Personal information
- Full name: Bruce Wotherspoon Scharp
- Born: 24 May 1905 Kew, Victoria
- Died: 11 April 1980 (aged 74) Sacramento County, California
- Original team: Kew (MAFA)
- Height: 175 cm (5 ft 9 in)
- Weight: 87 kg (192 lb)

Playing career^{1}
- Years: Club / Games (Goals)
- 1930–31: Carlton (VFL) / 07 (1)
- 1933: Hawthorn (VFL) / 01 (0)
- 1933: Fitzroy (VFL) / 02 (0)
- Total:  / 10 (1)
- ^{1} Playing statistics correct to the end of 1933.

= Bruce Scharp =

Australian rules footballer, born 1905

Bruce Wotherspoon Scharp (24 May 1905 – 11 April 1980) was an Australian rules footballer who played with Carlton, Fitzroy and Hawthorn in the Victorian Football League (VFL).

==Family==
The son of Louis Bernard Scharp (-1933), and Kate Stewart Scharp, née Wotherspoon, Scharp was born in Kew, Victoria on 24 May 1905.

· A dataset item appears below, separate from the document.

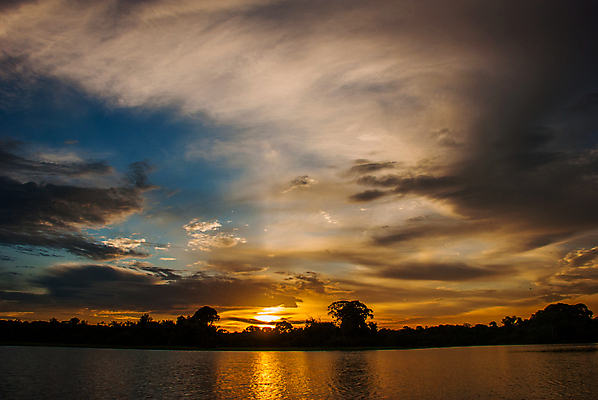 포토 JPG 해외이미지 구름 실루엣 바다 여행 백그라운드 오렌지 가족 자연 벽지 하늘 풍경 사람없음 야외 물 여름 파란색 빛 강 컬러풀 태양 반사 노란색 일출 미국 일몰 저녁 열대우림 카누 브라질 남쪽 아마존 수평선 해외포토 자연요소 계절 컬러 북아메리카 과일 관계 촬영기법 노을 수상스포츠 남아메리카 야간 숲 방향 생태계 파일형식 이미지허브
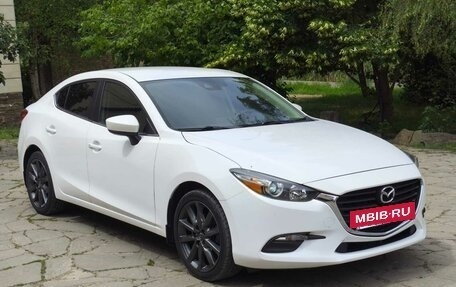 Mazda 3, 2018 год, 1 750 000 рублей, 22 фотография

Scharp came from a family who were well known for their sporting prowess, with his father achieving great success as a bicycle rider including winning the Austral Wheel Race.

Scharp had an elder sister, Blanche Marshall, née Scharp, a younger brother Louis and younger sister Jean Eakins, née Scharp. Scharp also had elder twin half brothers Eric and Ivo Scharp from his father's first marriage to Blanche Scharp, née de la Fontaine.

==Football==
===Carlton (VFL)===
On 30 August 1930, Scharp made his debut for Carlton against the St Kilda Football Club in the Victorian Football League (VFL). He kicked one goal.

===Hawthorn (VFL)===
On 27 April 1933, Scharp was cleared from Carlton to the Hawthorn Football Club in the Victorian Football League (VFL).

===Fitzroy (VFL)===
On 14 June 1933, Scharp was cleared from Hawthorn to the Fitzroy Football Club in the Victorian Football League (VFL).

===Sandringham (VFA)===
On 27 April 1934, Scharp was cleared from Fitzroy to the Sandringham Football Club in the Victorian Football Association (VFA).

===Yarrawonga (OMFA)===
On 17 April 1935, Scharp was cleared from Sandringham to the Yarrawonga Football Club in the Ovens & Murray Football Association (OMFA).